Home

Introduction to Support Vector Machines

A support vector machine (SVM) is a supervised learning technique from the field of machine learning applicable to both classification and regression.
Rooted in the Statistical Learning Theory developed by Vladimir Vapnik and co-workers at AT&T Bell Laboratories in 1995, SVMs are based on the principle of Structural Risk Minimization.

  1. Non-linearly map the input space into a very high dimensional feature space (the “kernel trick”).

Sewell (2005)

"The support vector machine (SVM) is a universal constructive learning procedure based on the statistical learning theory (Vapnik, 1995)."
Cherkassky and Mulier (1998)

"The support-vector network is a new learning machine for two-group classification problems. The machine conceptually implements the following idea: input vectors are non-linearly mapped to a very high-dimensional feature space.

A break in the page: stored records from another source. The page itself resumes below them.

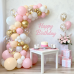 Pink and Gold Balloon Arch Kit,139 Pcs Light pink and White Balloons,Nude and Gold Confetti Balloons for Girl Women Princess Birthday Wedding Party Decorations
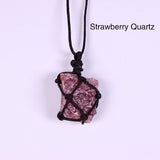 Natural Crystal Quartz Necklace Pocket Pendant with Weave Rope Net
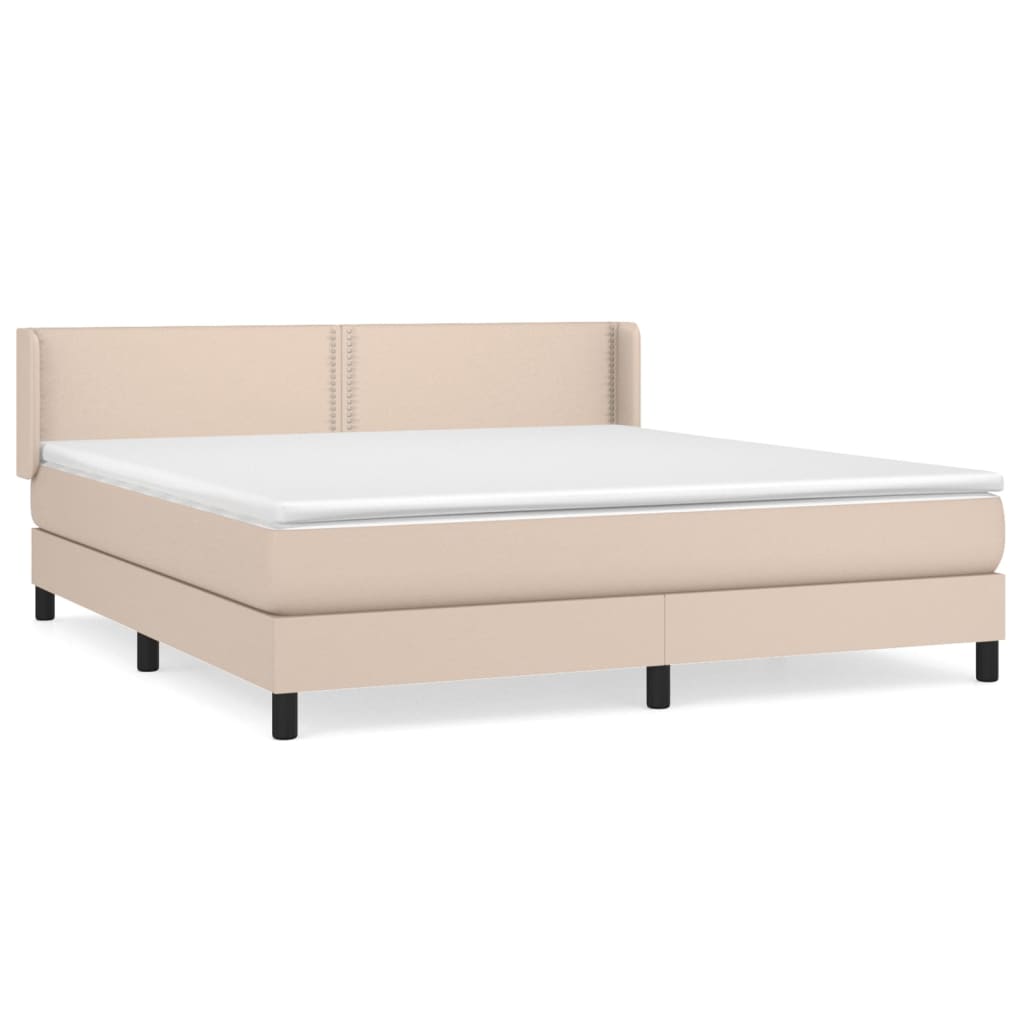 vidaXL Cama box spring con colchón cuero sintético capuchino 160x200cm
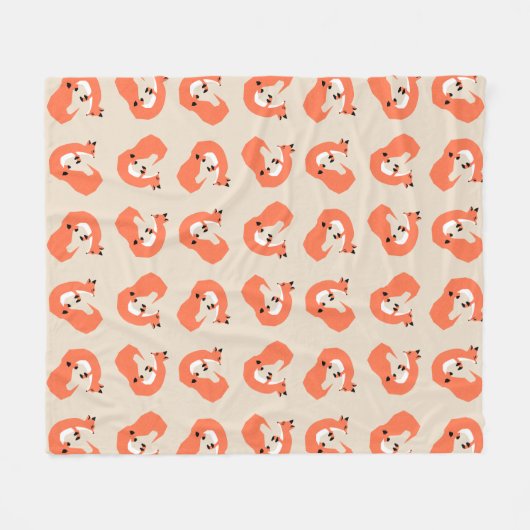 Moderne geometrische foxpatroon fleece deken (Voorkant (Horizontaal))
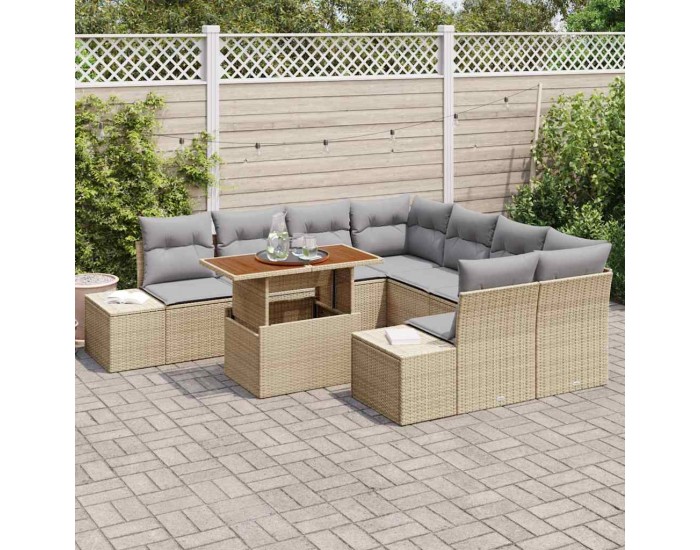 Sonata H Комплект за хранене в градината 9 pcs Бежово и сиво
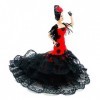 Folk Artesanía poupée de Collection Plastic 19 cm avec Fleur et Robe typiquement Flamenco ou Pois andalous d’Espagne. Taupe 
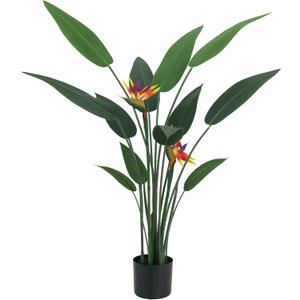 4FT Artificial Bird of Paradise Plant with 2 Flowers & 12 Detachable Leaves - Faux Plants for Indoor/Outdoor Home & Office Decor, Perfect for Porch, Living Room, Holiday Decorations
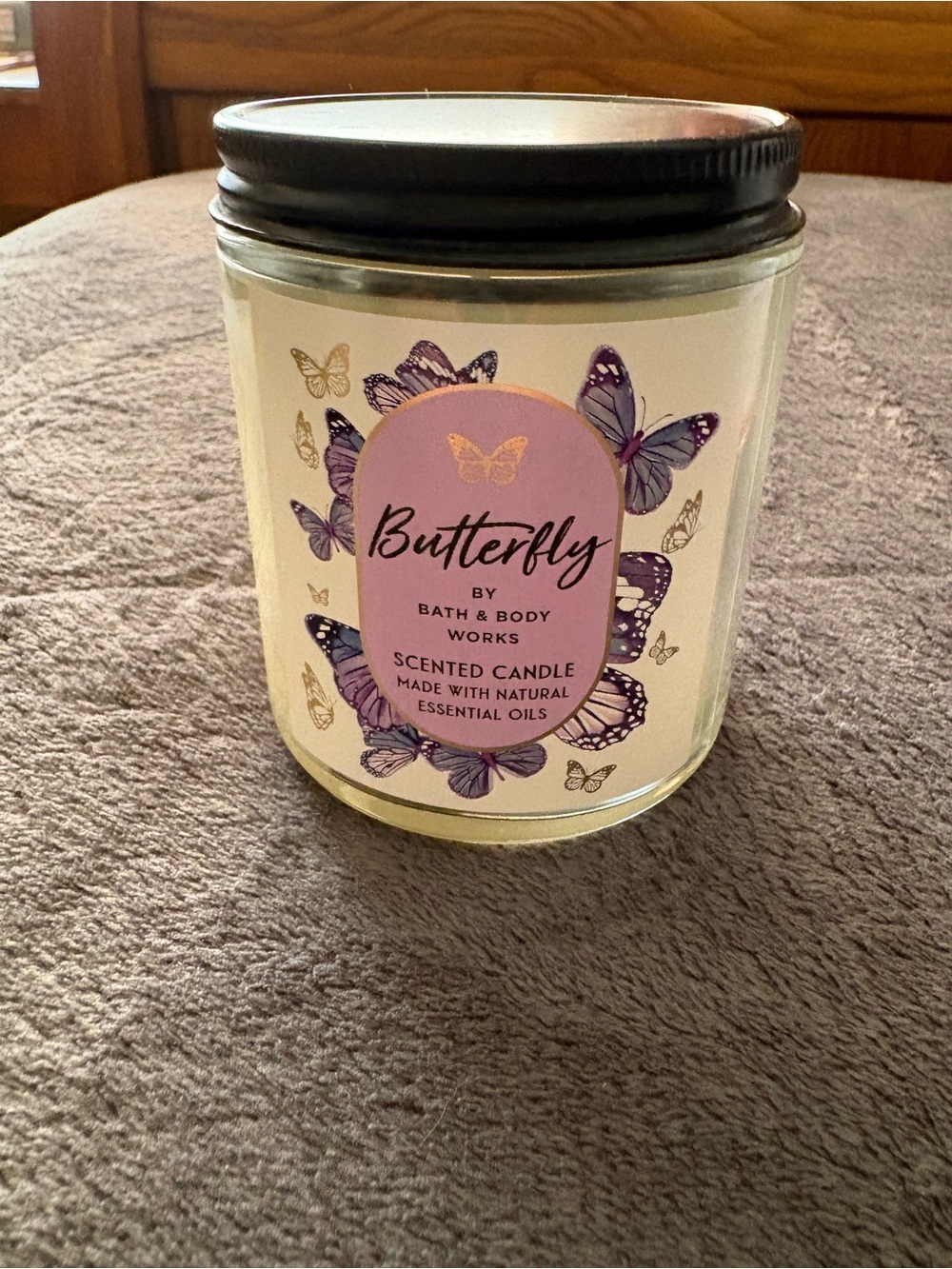 Bath & Body Works Butterfly Scented Candle - Purple & Gold Label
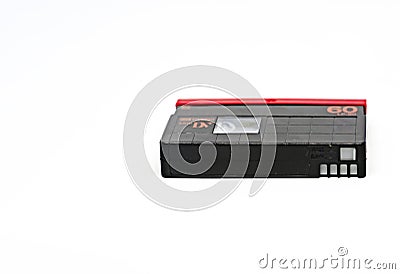 Side view of a Mini DV format video cassette isolated on a white background Editorial Stock Photo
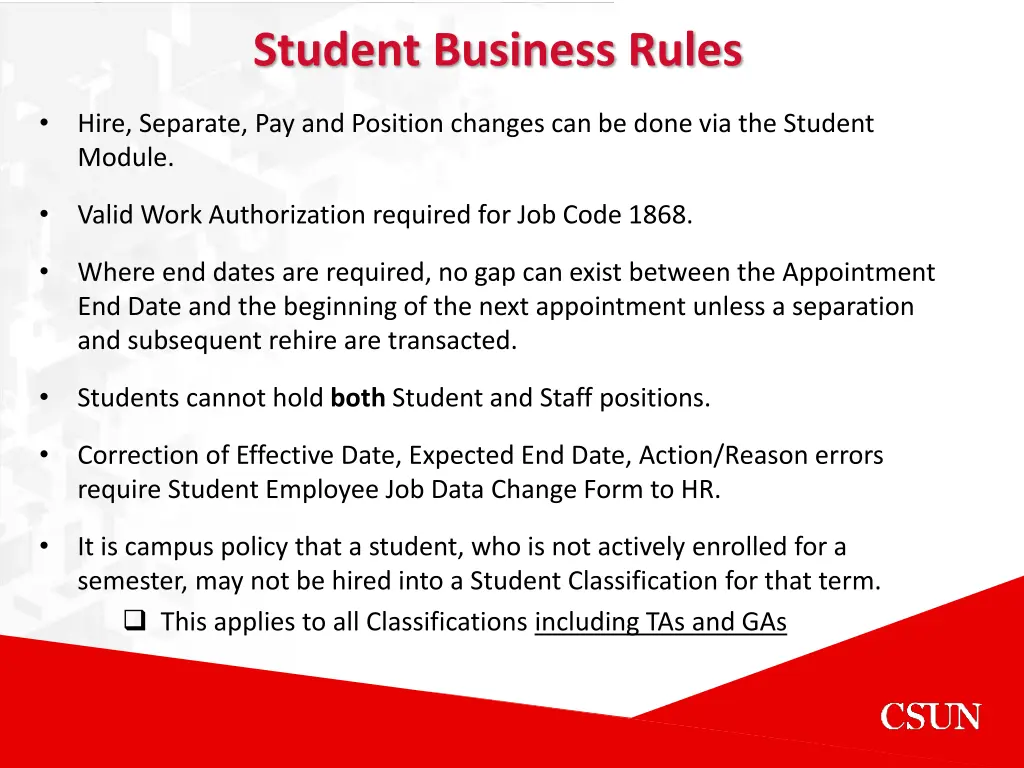 student business rules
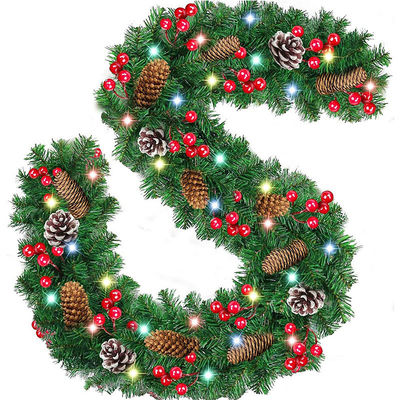 Decoración de banderas de Rattan de Navidad con luces LED y logotipo personalizado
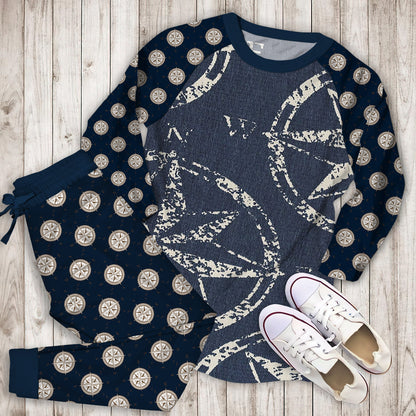 Compass Pajama Set | Pajamas | Cotton Sleepwear Sets | Soft Long Sleeve Pjs | Raglan Shirt and Pants Set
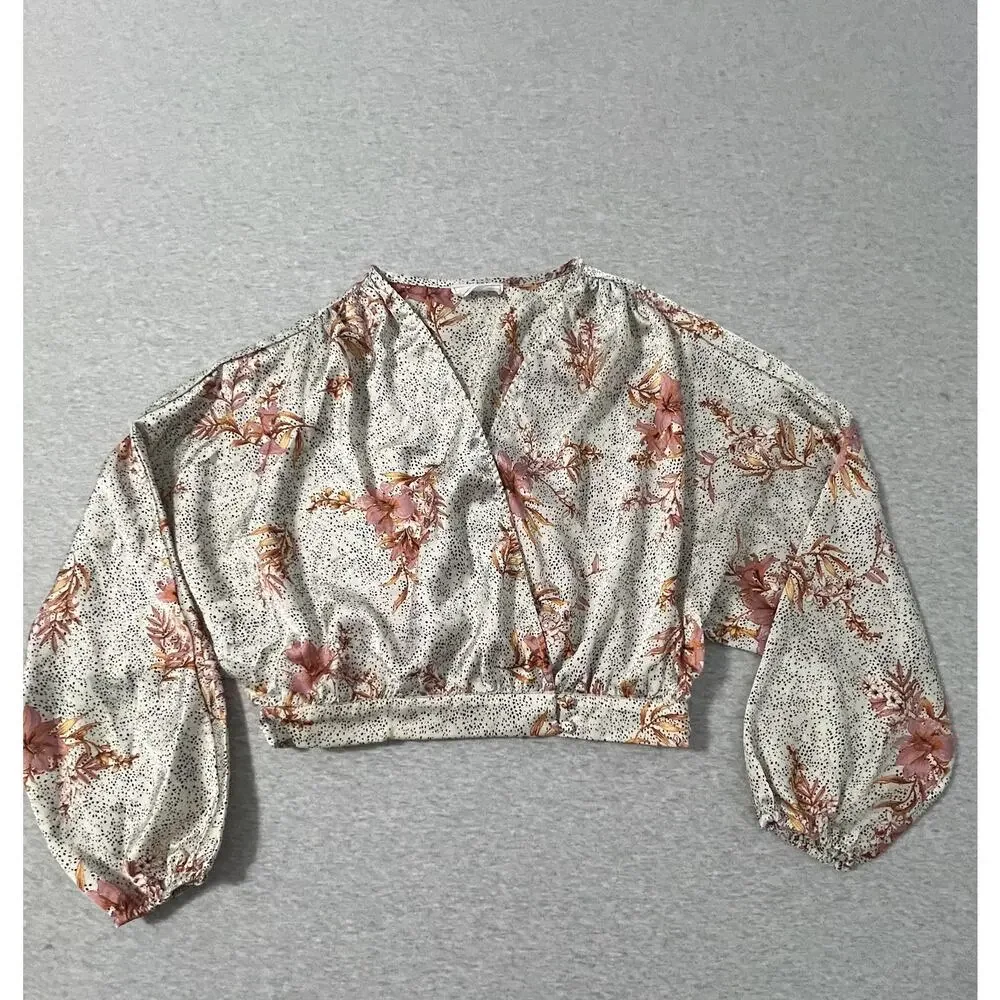 Sage The Label Wrap Blouse‎ Womens Medium Cream Floral Polka Dot Satin LS Top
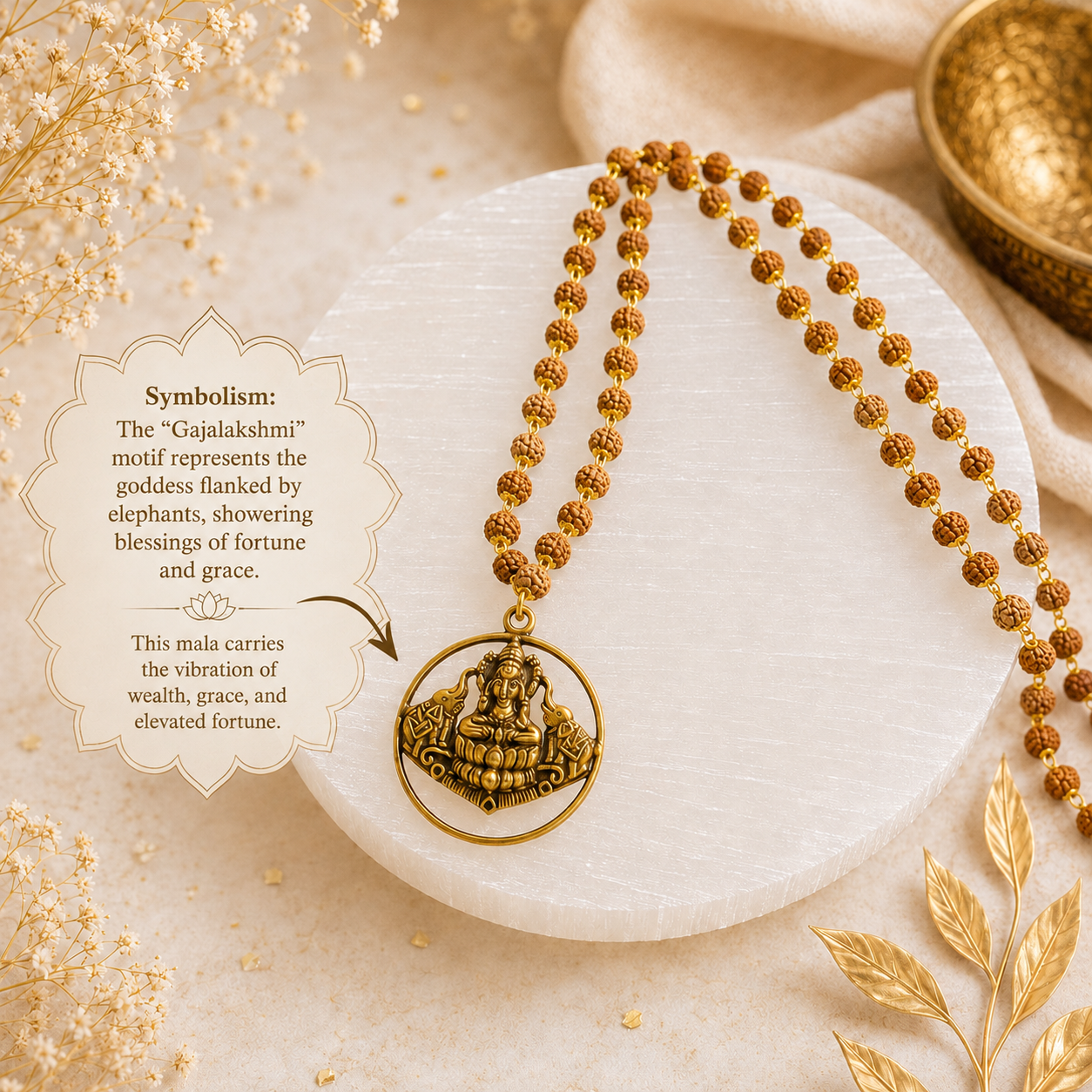 Gaja Lakshmi Divine Locket with 5 Mukhi Rudraksha Mala – Gold Capped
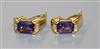 A pair of 18ct yellow gold, amethyst and diamond earrings, gross 9.4 grams.                                                            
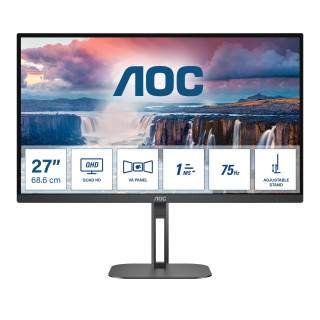LCD Monitor|AOC|27|Panel VA|2560x1440|16:9|75 Hz|Matte|4 ms|Speakers|Swivel|Pivot|Height adjustable|Tilt|Colour Black|Q27V5N/BK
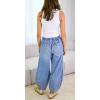 imageCHARTOU Women Summer Denim Wide Leg Pants Shirred Back Drawstring Waist Patchwork Tapered Barrel JeansLight Blue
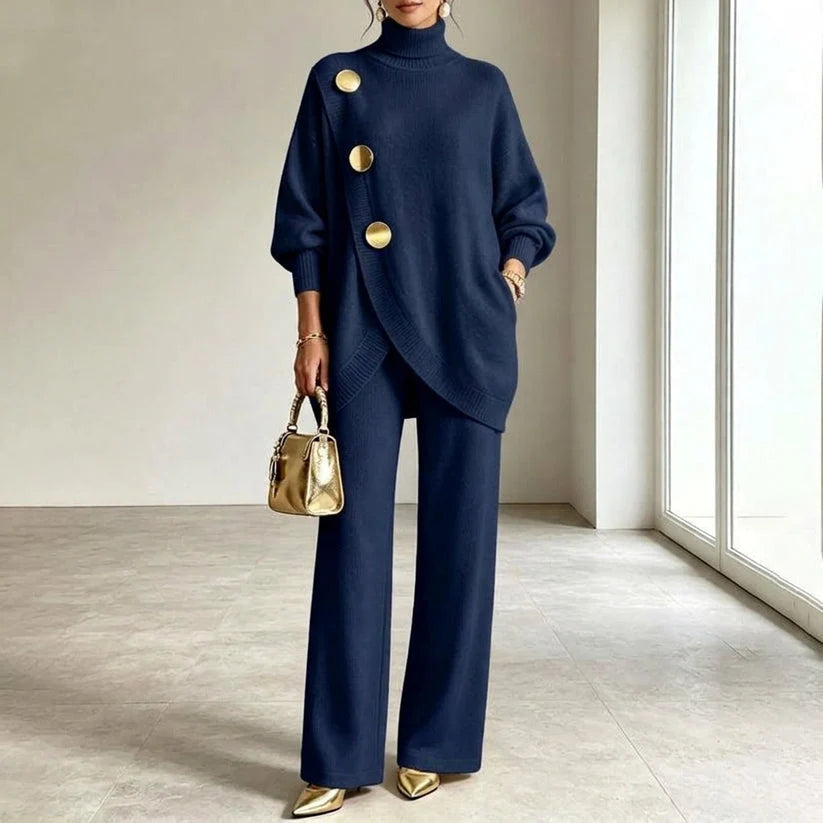 Knit Set Asymmetric Button Top Wide-Leg Pants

In this feature space a linear decision surface is constructed."
Cortes and Vapnik (1995)

"Support Vector Machines (SVM) are learning systems that use a hypothesis space of linear functions in a high dimensional feature space, trained with a learning algorithm from optimisation theory that implements a learning bias derived from statistical learning theory."
Cristianini and Shawe-Taylor (2000)

"These techniques are then generalized to what is known as the support vector machine, which produces nonlinear boundaries by constructing a linear boundary in a large, transformed version of the feature space."
Hastie, Tibshirani and Friedman (2001)

"Support Vector Machines have been developed recently [34]. Originally it was worked out for linear two-class classification with margin, where margin means the minimal distance from the separating hyperplane to the closest data points. SVM learning machine seeks for an optimal separating hyperplane, where the margin is maximal. An important and unique feature of this approach is that the solution is based only on those data points, which are at the margin. These points are called support vectors. The linear SVM can be extended to nonlinear one when first the problem is transformed into a feature space using a set of nonlinear basis functions. In the feature space - which can be very high dimensional - the data points can be separated linearly. An important advantage of the SVM is that it is not necessary to implement this transformation and to determine the separating hyperplane in the possibly very-high dimensional feature space, instead a kernel representation can be used, where the solution is written as a weighted sum of the values of certain kernel function evaluated at the support vectors."
Horváth (2003) in Suykens et al.

"With their introduction in 1995, Support Vector Machines (SVMs) marked the beginning of a new era in the learning from examples paradigm. Rooted in the Statistical Learning Theory developed by Vladimir Vapnik at AT&T, SVMs quickly gained attention from the pattern recognition community due to a number of theoretical and computational merits. These include, for example, the simple geometrical interpretation of the margin, uniqueness of the solution, statistical robustness of the loss function, modularity of the kernel function, and overfit control through the choice of a single regularization parameter."
Lee and Verri (2002)

"Support Vector machines (SVM) are a new statistical learning technique that can be seen as a new method for training classifiers based on polynomial functions, radial basis functions, neural networks, splines or other functions. Support Vector machines use a hyper-linear separating plane to create a classifier. For problems that can not be linearly separated in the input space, this machine offers a possibility to find a solution by making a non-linear transformation of the original input space into a high dimensional feature space, where an optimal separating hyperplane can be found. Those separating planes are optimal, which means that a maximal margin classifier with respect to the training data set can be obtained.
Rychetsky (2001)

"A learning machine that is based on the principle of Structural Risk Minimization described above is the Support Vector Machine (SVM). The SVM has been developed by Vapnik and co-workers at AT&T Bell Laboratories [9, 115, 116, 19]."
Rychetsky (2001)

"The support vector network implements the following idea [21]: Map the input vectors into a very high dimensional feature space Z through some non-linear mapping chosen a priori. Then construct an optimal separating hyperplane in this space."
Vapnik (2003) in Suykens et al.

"The support vector machine (SVM) is a supervised learning method that generates input-output mapping functions from a set of labeled training data."
Wang (2005)

"Support vector machines (SVMs) are a set of related supervised learning methods, applicable to both classification and regression."